How influential are you, really? Not you personally, but rather your brand. This is the question that Klout.com aims to answer, by assessing the impact that your online presence has on others. Do people flock to Like, Retweet and Digg your content? Are you seen as an authority on any particular subject? If so, then your Klout score is probably quite a healthy one.
Klout tracks the “ripple effect” that people have on social media beyond the visible comments. Its measurements are divided into True Reach (the number of people you influence), Amplification (how much you influence them) and Network Impact (the influence of your network). Klout’s algorithms automatically detect and remove spammers and bots in order to give you as realistic a figure as possible.
It was announced back in late 2011 that over 100 million individuals now have Klout scores (although it is unclear how many of these people are active Klout users). A potential audience of even half that many people is enough to make one think that there might be some benefit to be reaped from this Klout business.
There have been a few well-documented exceptions to Klout’s accuracy, the most famous instance being US President Barack Obama, whose Klout score last year came in as considerably less than that of “lowly” technology pundit Robert Scoble. However, this was explained by the Klout staff as an example of somebody’s real life influence outstripping their needs for an online presence.

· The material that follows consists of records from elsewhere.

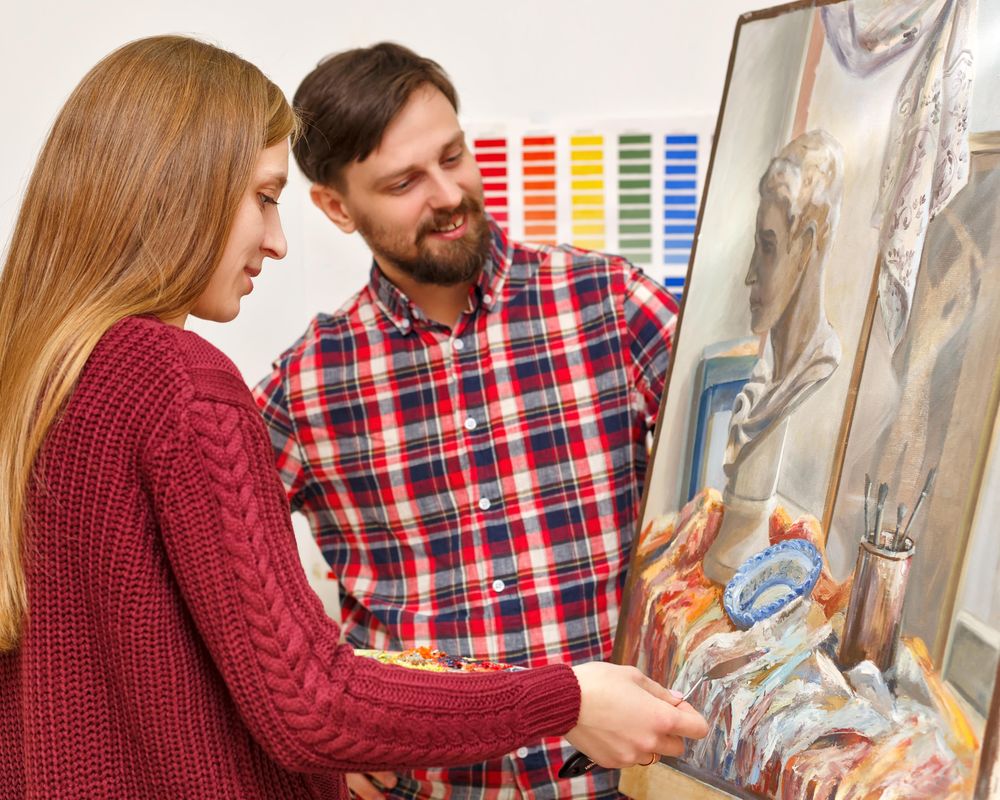 Female painter in front of image of a bust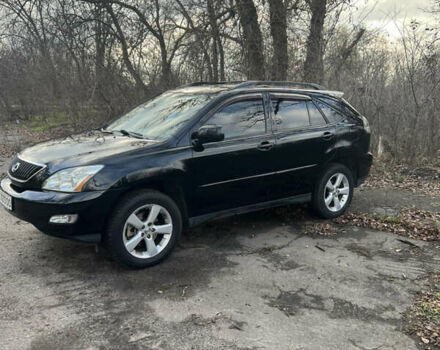 Черный Лексус РХ, объемом двигателя 3.46 л и пробегом 224 тыс. км за 12500 $, фото 1 на Automoto.ua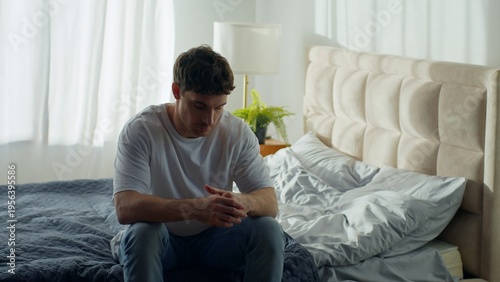 Tablou pe pânză Caucasian man sitting on bed at home holding head grief pain depressed male exha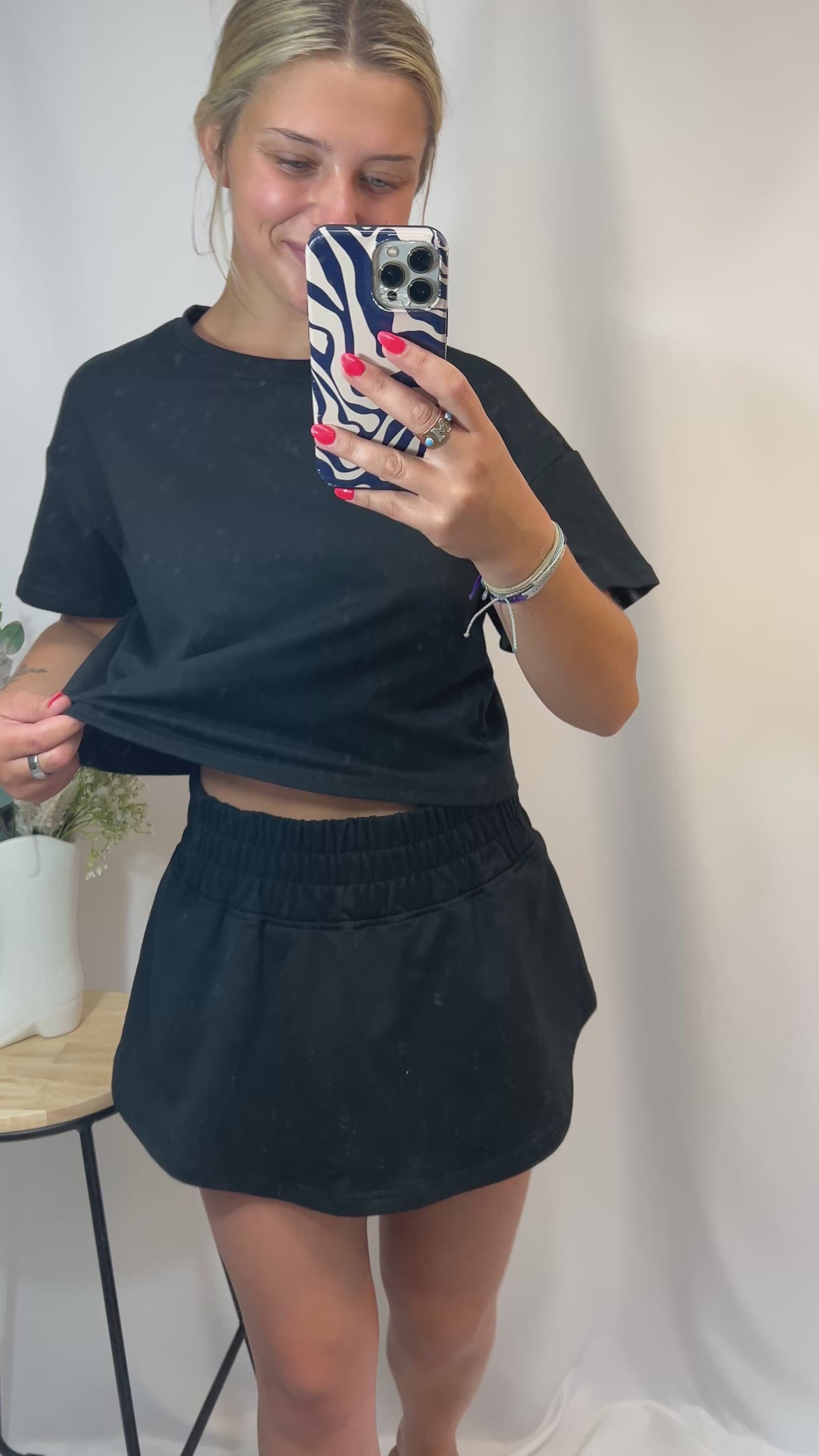 Black cropped tee and ruffle high-waist skort set, women’s matching top and skirt shorts outfit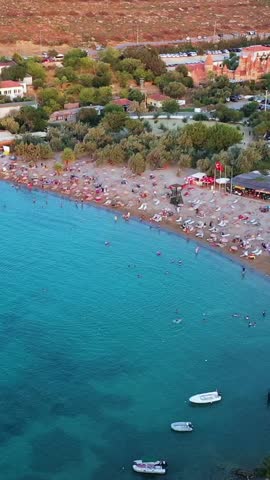 Vertical video of the beach - high quality vertical video taken from the air with a drone of people swimming and sunbathing in summer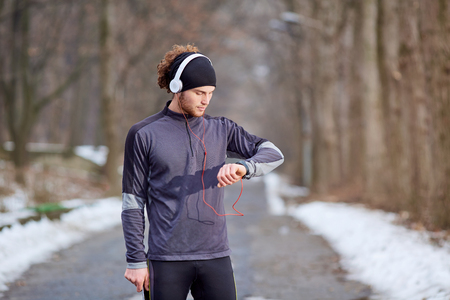 Man in sportswear jogging wearing headphones looking at his watch on the hand in park autumn spring winter.の写真素材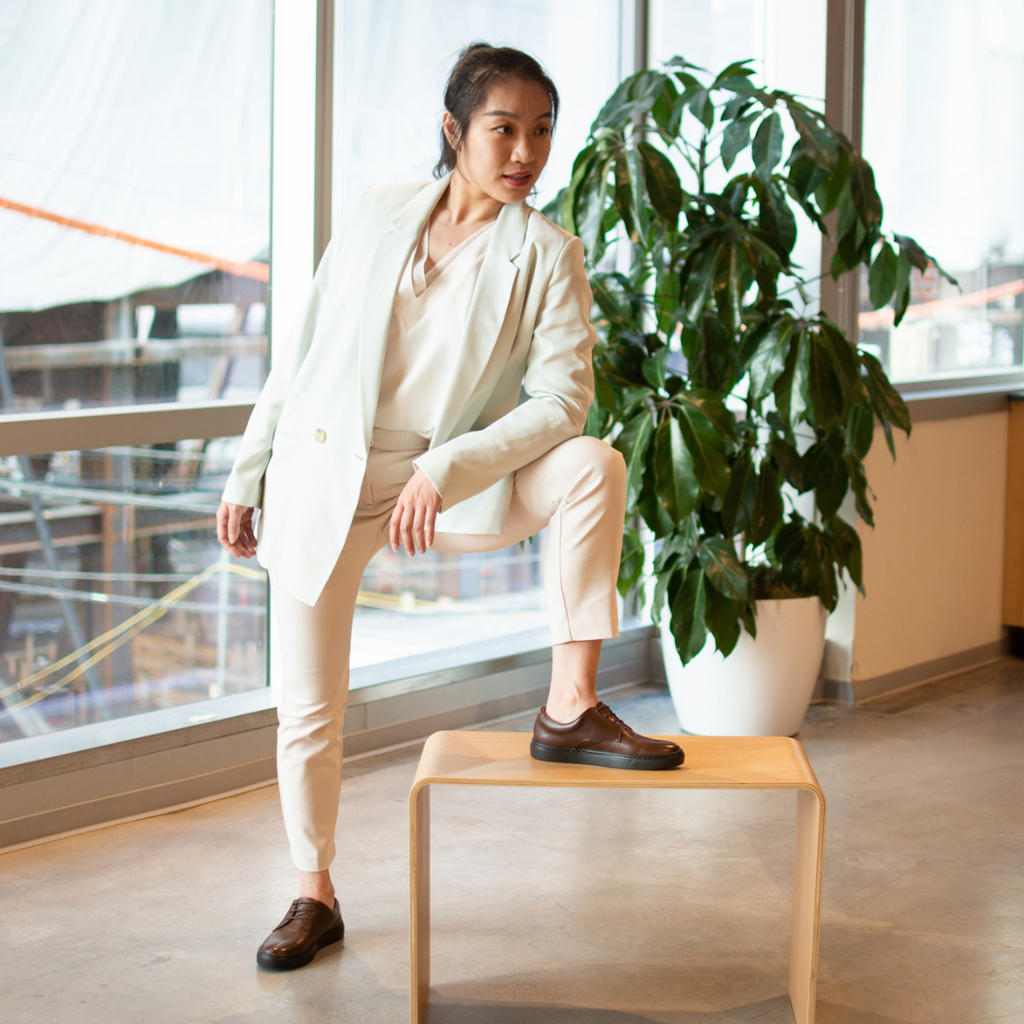 Brown lace-up dress shoes worn with pants in a seated office look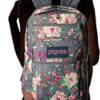Grey bouquet JanSport Bulletproof Backpack with illustration on how it fits the back of a girl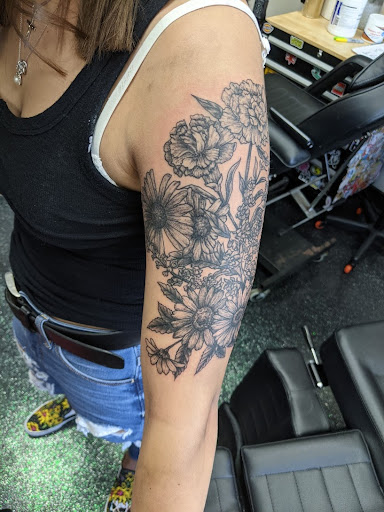 Explore afro tattoo ideas, creative tattoo ideas in Slippery Rock, available at Dinky Dachshund Tattoo Parlor
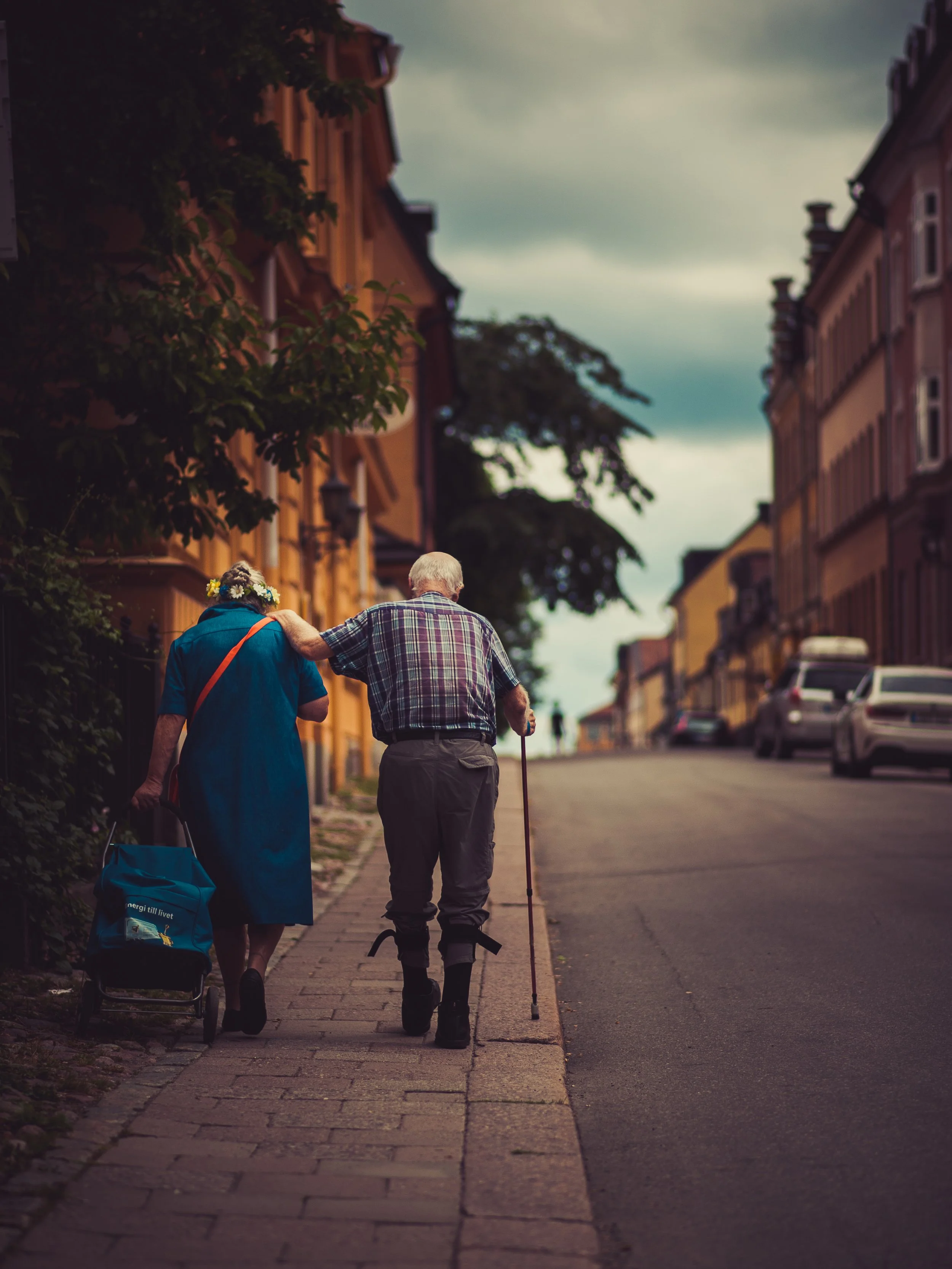 An elderly man with a cane walks with an elderly woman with a flower crown, helping her along a city sidewalk during late afternoon or early evening.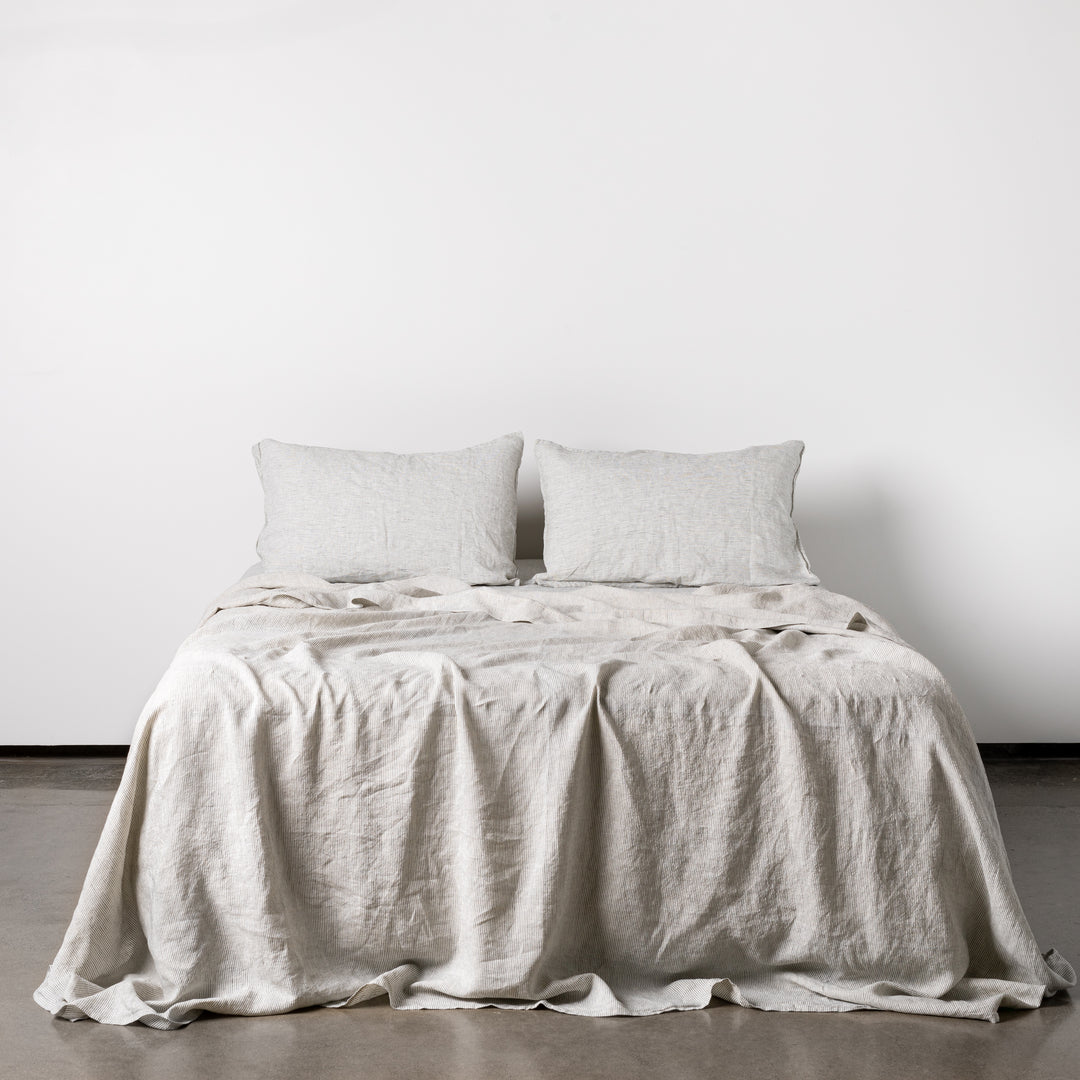 Foxtrot Home French Flax Linen styled in a bedroom with Pinstripe Fitted Sheet.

For those of us who aren’t the President of the United States, here are a few quick tips to help boost your Klout score:
Get social. Mentioning or tagging other Facebook or Twitter users is an easy way to encourage interaction and build your engagement levels. So join in conversations where you think you genuinely have something to contribute – you will soon be seen as somebody with an opinion worth listening to.
Be topical. Trending topics and hashtags on Twitter relate largely to flash-in-the-pan Internet memes or news stories from a particular day; jumping on the bandwagon and adding your two pennies worth will place you on a global platform with thousands (if not millions) of users reading what you have to say. This strategy works best if you can relate the topic at hand naturally to your business or area of expertise.
Quality over quantity. It can be tempting to tweet constantly and post new content a couple of times per day, but the fastest way to put people off following you is if you pollute their timelines with repetitive updates. Think before you tweet; is this a story, or just an advert? It is important that you don’t saturate your feed with junk. Be sure you are posting or linking to something that people will genuinely want to read about, and avoid tweeting for the sake of it.